A recent New Schools Network’s report shows that more students are doing arts GCSEs since the introduction of the Ebacc. For those of us with an interest in the arts in schools, this at first appears to be great news. But, scratching the surface, we start to see some issues with the positive presentation of these findings. Firstly, the issue celebrated by the report and in the supporting press release is the number of pupils sitting arts exams and, at the risk of stating the obvious, being examined in an arts subject is not the same as putting on a play, visiting the theatre or painting a picture; this is confirmed as a valid concern by exam boards dropping the requirement of drama GCSE students to watch a live performance.

Interrogating the Key Findings on page 7 of the report reveals further problems. Point 1, that “Arts education improves students’ job prospects”, does not appear to be grounded in any evidence other than the correlation between students sitting arts subjects and future earnings, a correlation but not necessarily a causal link. As the report fails to make any attempt to correct for other factors such as parental income, this says very little as the correlation is just as likely to be tied to the fact that middle class students do more arts subjects. The causal link with job prospects is thus as likely to be socio-demographic status as it is arts education. Point 2, “There is no evidence that the EBacc has affected GCSE arts entries”, is, as with point 1, about exam entries rather than access to the arts and point 3 raises the most pertinent findings of the report so is copied in full below:

However, it does appear that schools have misunderstood the intention behind the EBacc, using its introduction to reduce funding for the teaching of the arts. While arts entries have risen, the number of GCSE arts teachers has declined, with schools focusing recruitment efforts elsewhere. Similarly, evidence suggests that less contact time is now being given to GCSE arts entrants.

This third finding finally addresses the issue of access to the arts and, if we are concerned that all students should have access to the arts, this must be more important than exam entries and reveals some alarming headlines that are not highlighted in the report and surrounding articles; reduced funding for the arts; fewer arts teachers; fewer arts teachers being recruited for the future and less time in arts classes for pupils.

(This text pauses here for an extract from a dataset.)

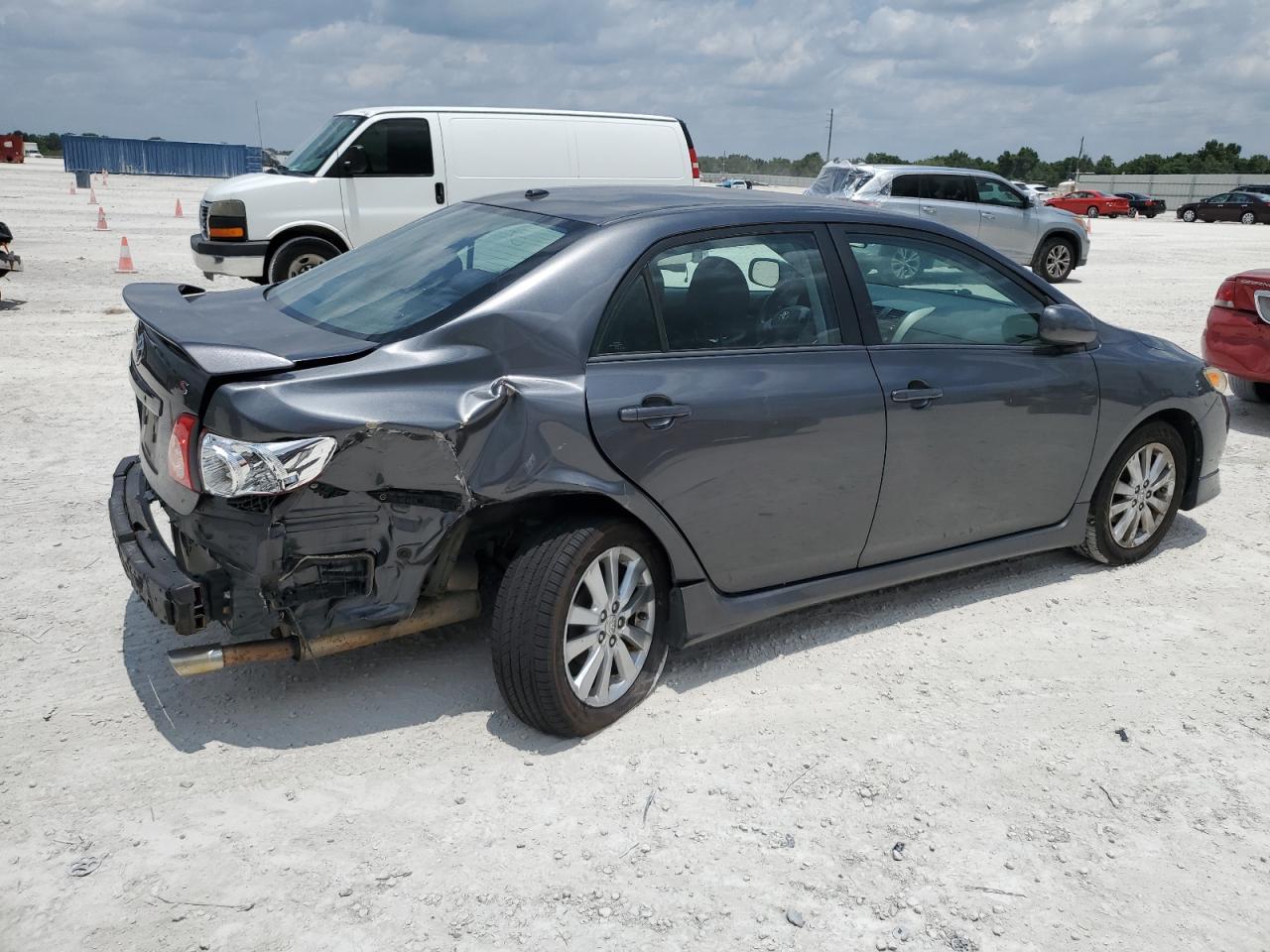 2T1BU4EE2AC446490 2010 Toyota Corolla Base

In the New Schools Network press release about their report, Toby Young (Director of New Schools Network), The Rt Hon Nick Gibb (Minister of State for Schools), The Rt Hon Matt Hancock (Minister of State for Digital and Culture Policy) and Ian McEwan (Author), all lend their support to the idea that the arts are being supported in schools and I can’t believe that they are anything other than sincere in this assertion. Yet, while they may be sincere, they are also misguided. If this report was submitted to me by one of my students on the MA in education course at the UCL Institute of Education, they would be disappointed to be awarded a D for such sloppy research. Unfortunately, the press release suggests that the guidance of this report is being taken at the highest levels of government so is likely to have considerably more impact than a disappointed student as it ensures that the government are unaware that they are cutting arts from schools at a time when schools are already suffering further cuts that will catalyse this unseen harm.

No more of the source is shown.